= Verna Mills =

Diplomat from Saint Kitts and Nevis

Verna Mills, also known as Verna Morris-Mills, is a diplomat from Saint Kitts and Nevis. She is currently the country's ambassador to Cuba, the first woman to hold that role. She also serves as the non-resident ambassador to Ghana, South Africa, and Kenya.

== Biography ==
Mills was born in Basseterre, Saint Kitts, and grew up in Tabernacle. After attending primary and secondary school in Saint Kitts, she left in 1999 to study in Cuba, earning her bachelor's degree in philology from the University of Santiago de Cuba in 2005.

After returning to Saint Kitts later that year, she joined the Ministry of Foreign Affairs as a junior foreign service officer, working on the Latin America desk.

In 2013, she graduated with a master's degree in diplomacy and international relations from the Diplomatic School of Spain.

As a Foreign Service Officer, Mills helped establish Saint Kitts and Nevis' embassy in Havana in 2014. She was subsequently named as the chargé d'affaires at the embassy in May 2015, a role she held for two years.

In September 2017, she was appointed as ambassador to Cuba, becoming the first woman to hold this position and the youngest ambassador of Saint Kitts and Nevis at the time. She was only the second accredited resident ambassador in the history of the diplomatic relationship with Cuba.

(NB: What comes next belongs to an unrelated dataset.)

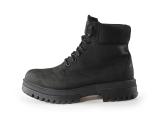 Timberland Veterboots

In July 2019, Mills was named non-resident ambassador to Ghana and South Africa. Then, in December 2019, she was also appointed as the first non-resident high commissioner of Saint Kitts and Nevis to Kenya. She continues to be based in Cuba but serves as ambassador from her base there, in part via the countries' embassies in Havana themselves. She has been involved in diplomatic relations with various other countries via Havana, including Belarus.